From The Aberdeen Daily World, Friday Feb. 26, 1960

Driftwood Players Wow First Nighters


    The Driftwood Players invitational performance of Paul King's play, "See How They Run," directed by Joy Kittrell and presented last night to a responsive audience at the Driftwood Playhouse in Cosmopolis quite jolted our "give-me-the-good-old-days-on-the-Harbor" routine.

    The Driftwood playhouse, although much work remains to be done, bids fair to provide the community with an up-to-date artistic center. We are still slightly dizzy with excitement.

    Five clergymen raced madly through zany antics with much zest, and three charming women cavorted with them. It all sounds very simple, but the arena-type stage with the audience on the same seating level on three sides gives an intimacy beyond description. Those seated in the front rows had a feeling they were part of the cast, for all of the actors bounced in and out through the aisles as cozy as can be.


    As a reviewer, we must get right in there and raise a question by selecting our favorite when the whole cast was superb. We pick Jeri Edwards, who played Miss Skillon, an old maid with the best of intentions who ran afoul of the demon rum. Miss Edwards, in real life young and most attractive, dressed in a ghastly British tweed suit and shoes to match, gave an extremely convincing portrayal of the do-gooder wronged by fate.

    The cockney maid, portrayed by Margaret Orr, also was an audience favorite and her work was excellent. Beautiful Loretta Koehler deserves superlatives. As an American actress wed to a vicar, she romped through her role with professional ease.

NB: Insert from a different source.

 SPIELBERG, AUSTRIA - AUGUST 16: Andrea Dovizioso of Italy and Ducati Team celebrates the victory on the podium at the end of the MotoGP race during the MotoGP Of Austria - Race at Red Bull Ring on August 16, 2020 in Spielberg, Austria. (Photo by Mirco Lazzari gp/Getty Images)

    Veteran thespians Louis Talcott and Richard Robson, talented Richard Lane and capable John Wolfe did well by the clergy. Tony Daniewicz, as a corporal and clergyman, almost stole our raves from Jeri Edwards. Merna Richards, off-stage as Willie Briggs, doubtless worked hard but will go unsung.

    Jim Lewis was adequate as the law, though he operated under a unique handicap, for no one really wanted him to solve matters. It would only end a delightful comedy. The setting merits some mention, for the Episcopal rectory parodied the peculiarly uncomfortable style of British interior decor.


    Prior to the performance, an informal dedicatory ceremony was conducted with Edward P. Smith, president of Grays Harbor college, and Kenneth Walker, president of the board of directors of the playhouse, each speaking briefly.

    John Ashby Conway of Seattle gave the dedicatory speech. He cited the playhouse as a possible center for more than dramatic productions advising it could be used for style shows, art exhibits or box socials. He suggested the community would profit by the forming of a municipal art commission such as Seattle has. Mr. Conway, who was accompanied by his wife, is a long-time member of the University of Washington drama department and known throughout the Pacific Northwest for his varied activities in the theater.

    In closing, we must give some practical advice. Prepare to freeze while you wait for the performance to begin, because the  heating system in the Driftwood playhouse sorely needs an angel. Be prepared, also to shed any extra clothing you might have donned, as the antic mood of the cleverly done, "See How They Run" warms your very heart and stirs you to new pride in your community.

    The play will be presented to the general public at 8:15 o'clock tonight and tomorrow night, and again next Friday and Saturday.